Любопытно, что византийский или русский юродивый при всей эксцентричности уступает в последовательности индуистскому отшельнику — определенных границ он все-таки не преступает. Но вот легенда об индийском царе, удалившемся в лес: к нему пришла тоскующая жена, и он снова сблизился с ней как супруг, но равнодушно, бесстрастно, а главное, не нанеся ущерба своему духовному уровню, ибо достиг такой ступени совершенства, что ему уже было безразлично, уступить или оказать сопротивление, он не видел разницы между этими двумя действиями. В христианстве я подобного не встречал.
— О Рембо говорили, что он перевернул каноническую последовательность греха и праведности; поэзия сделала его юность святой, после отказа от стихов наступили ущербные будни авантюриста и, предположительно, работорговца.
— Путь, наверное, может быть и таким, но соотношение это, при всех своих вариациях, не теряет универсальности. А в «Таис» Анатоля Франса, напротив, невозможность нарушить табу — удовлетворить страсть к покаявшейся куртизанке, которая умирает отшельницей, завершается гибелью героя, праведника, снедаемого вожделением и любовью. Исходный тезис как бы подтверждается от противного.
— Имелись ли у вас помимо исследовательского интереса к теме личные, психологические побуждения к работе над книгой?
— Пожалуй, не в большей мере, чем в рамках обычных закономерностей, о которых уже говорилось. И в этой книге, и в других я удовлетворяю соответствующую потребность — упорядочить какие-то свои представления, систематизировать мысли, чтобы, до известной степени, освободиться от них. И само содержание работы приносило удовлетворение в эстетическом и эмоциональном планах, быть может, и бессознательно.
— Оказавшись за железным занавесом, вы не отказывали себе в путешествиях, в том числе в Индию. Они на вас повлияли?
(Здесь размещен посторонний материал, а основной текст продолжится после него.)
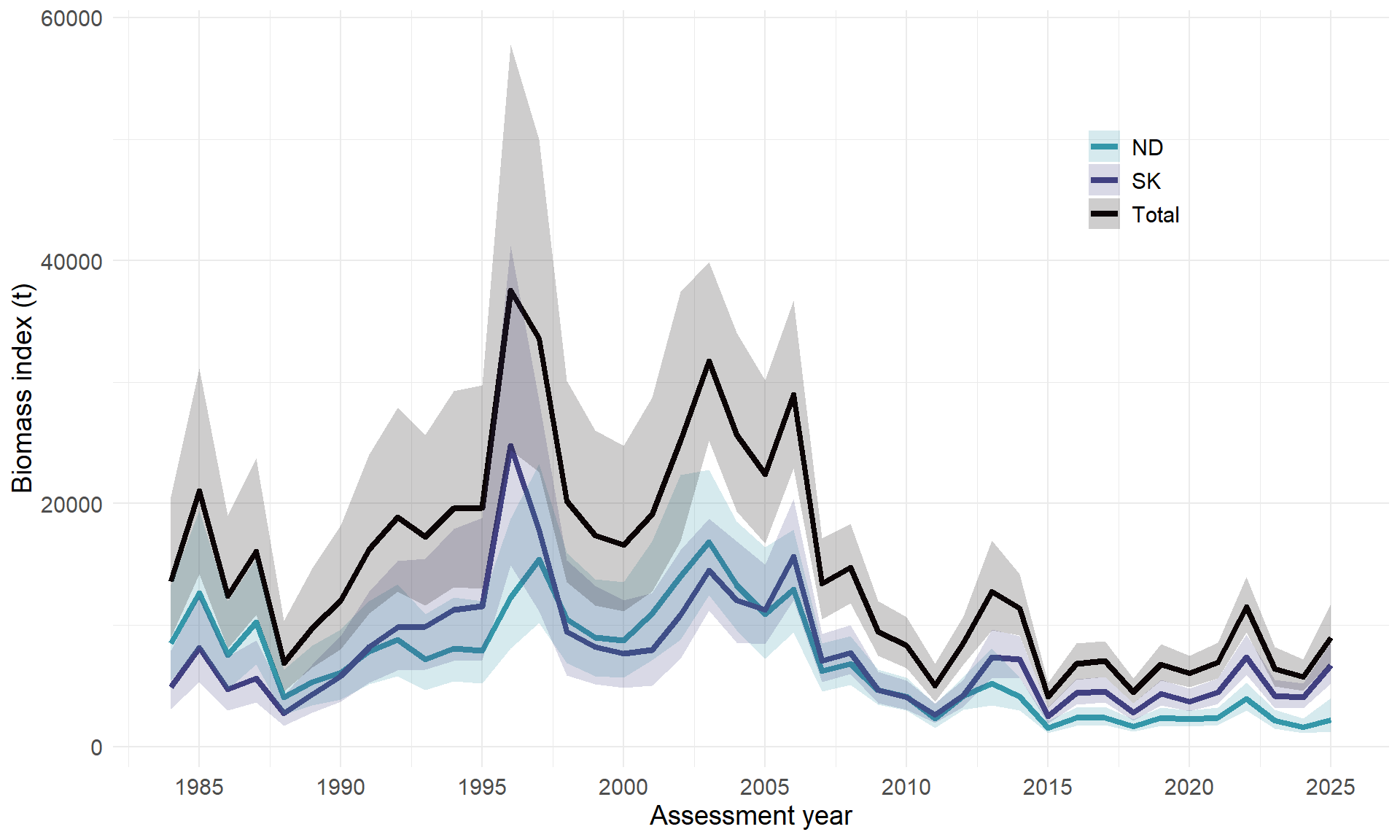 Diagrammet viser år langs x-aksen og går fra 1984 til 2025, y-aksen viser biomasseindeks i tonn og går fra 0 til 60000. Norskerenna (blå), Skagerrak (lilla) og totalt (grått).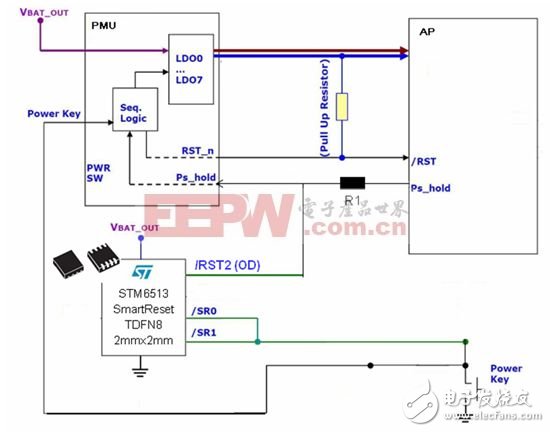  智能手機(jī)和平板電腦設(shè)計中的單鍵開/關(guān)機(jī)和復(fù)位的智能方案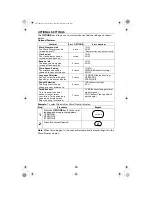 Предварительный просмотр 16 страницы Sanyo EM-Z9011N Instruction Manual And Cooking Manual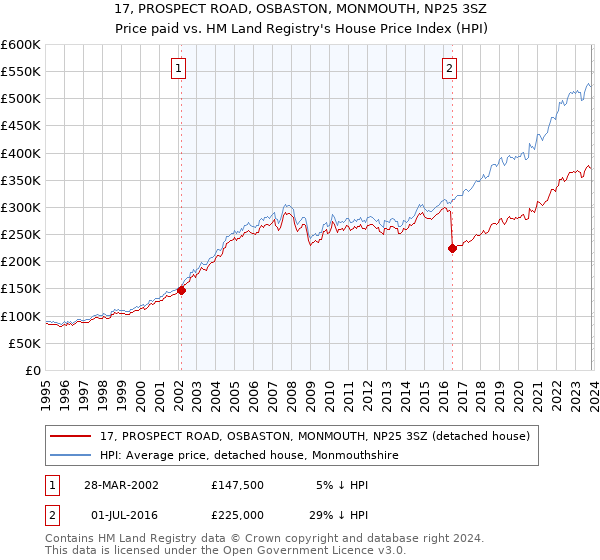 17, PROSPECT ROAD, OSBASTON, MONMOUTH, NP25 3SZ: Price paid vs HM Land Registry's House Price Index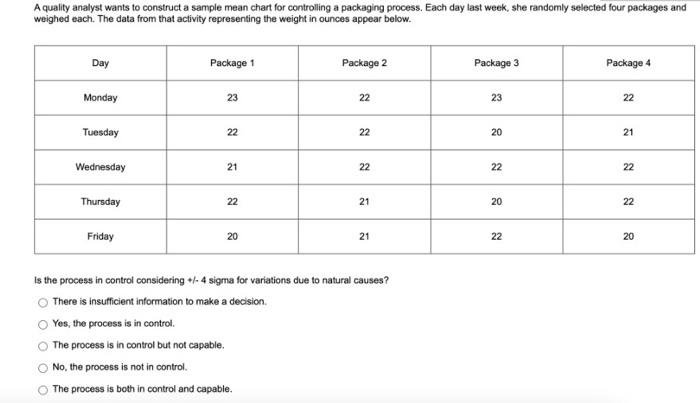 urgent!! A quality analyst wants to construct a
— В Индии я лишний раз убедился, что заложенный в нашей голове конструкт существенней, чем многое в непосредственном опыте. Я видел омовения в Ганге и сожжение трупов, росписи Аджанты, разглядел массу разных частностей, но все это не изменило сложившегося у меня образа страны. Некоторые детали, конечно, подверглись корректировке. Обнаружилось, что индусы не так уж терпимы, чужаку войти в индуистский храм непросто, зато буддисты свою толерантную репутацию оправдали, я убедился в этом, путешествуя по буддийским странам — Цейлону, Бирме, Таиланду. Поразили нищета, грязь, калеки, больные на улицах Калькутты, Бомбея, оборванцы, пьющие из луж. Вскоре вслед за тем я побывал в Египте, и страна далеко не богатая показалась мне после Индии благоденствующей. Но Индия неодинакова — Север более тяжел, на Юге атмосфера спокойней, люди приятней, приветливей. Наверное, я особенно не изменил своего представления о стране еще и потому, что оказался там в 50-летнем возрасте, а не в молодости. А также и потому, что речь идет в моем случае прежде всего о картине древней Индии с ее духовностью, то есть о заведомой абстракции. Так или иначе, в каждом из нас заложено предварительное видение и создается необходимый нам конструкт, а соответствует ли он всем элементам опыта — уже не столь важно. Главное, чтобы этот конструкт работал.